I'm trying to enable secure boot for general purpose ARM microcontrollers. Based on my research, secure boot starts with a Root of Trust (ROT). Usually this ROT is hardware based, which means that the microcontroller should have a dedicated immutable memory region that stores the very first code that runs after voltage is applied to a microcontroller. This region, also called the BOOT ROM is critical for secure boot as it is the basis on which all later stages of firmware are authenticated.

Now, most microcontrollers that I have implemented in projects earlier do not have this ROT which is why I'm looking to make things secure using a cryptographic module that will act as a secure storage for both the BOOT ROM code and any additional keys for encryption, signing, authentication, etc.

The ST33 TPM seems to be a good fit.

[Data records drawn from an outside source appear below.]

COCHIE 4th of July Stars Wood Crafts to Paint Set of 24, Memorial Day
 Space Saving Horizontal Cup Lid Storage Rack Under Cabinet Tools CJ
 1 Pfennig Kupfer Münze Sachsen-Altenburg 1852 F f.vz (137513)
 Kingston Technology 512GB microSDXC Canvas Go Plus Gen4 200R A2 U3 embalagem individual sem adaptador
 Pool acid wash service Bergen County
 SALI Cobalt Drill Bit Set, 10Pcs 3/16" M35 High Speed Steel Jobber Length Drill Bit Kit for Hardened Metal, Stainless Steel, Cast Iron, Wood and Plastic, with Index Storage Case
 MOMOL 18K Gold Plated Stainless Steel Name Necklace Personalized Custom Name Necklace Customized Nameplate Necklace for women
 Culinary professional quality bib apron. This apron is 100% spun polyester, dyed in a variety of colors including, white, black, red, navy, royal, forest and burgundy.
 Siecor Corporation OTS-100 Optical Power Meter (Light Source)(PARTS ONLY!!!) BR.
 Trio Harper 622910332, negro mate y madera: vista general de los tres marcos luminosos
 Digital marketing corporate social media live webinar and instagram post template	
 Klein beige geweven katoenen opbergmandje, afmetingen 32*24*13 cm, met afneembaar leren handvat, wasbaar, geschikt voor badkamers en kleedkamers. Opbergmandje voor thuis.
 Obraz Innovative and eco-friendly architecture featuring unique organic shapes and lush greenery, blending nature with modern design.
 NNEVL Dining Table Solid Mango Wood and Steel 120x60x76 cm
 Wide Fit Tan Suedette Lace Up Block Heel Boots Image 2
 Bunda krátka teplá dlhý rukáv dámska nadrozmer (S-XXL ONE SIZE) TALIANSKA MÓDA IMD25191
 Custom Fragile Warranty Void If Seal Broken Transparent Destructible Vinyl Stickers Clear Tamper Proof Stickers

The TPM 2.0 specification states that the TPM can be used for CRTM (Core Root of Trust Measurement) by which I assume that I can still keep my bootloader code in whatever microcontroller I have even if it does not have an immutable BOOT ROM and the CRTM will be able to detect if the bootloader has been tampered with. So the question boils down to -

  1. The CRTM is code, so is it stored somewhere within the TPM and executed automatically at boot? Or should the CRTM itself be part of the immutable BOOT ROM code which again requires a separate immutable memory (in which case the TPM cannot execute any code, I'd assume)?
  2. Is the TPM not a solution for this at all? If no, how can I implement an external module(s) to achieve a hardware ROT feature for existing microcontrollers without messing with its original functionality.

Even though ST Microcontrollers are my main focus, I want this solution to be microcontroller agnostic and would like to implement the same architecture in every past project that I've made. I'm having trouble understanding the CRTM and how the TPM can work as a hardware ROT (as mentioned in many places) because all TPMs are interfaced using some protocol like LPC, I2C or SPI, which would mean that these peripherals must be activated on the microcontroller first (bootloader code) which makes this an inherently confusing chicken and egg situation.

10 REPLIES 10

Thank you Jocelyn for explanation. Is the HDP that you mentioned a proprietary feature of U5, similar to the "secure area" of H7? I don't have U5 and no plans to get it soon.

The ST wiki says that HDP stands for "hardware debug port", on STM32MP1?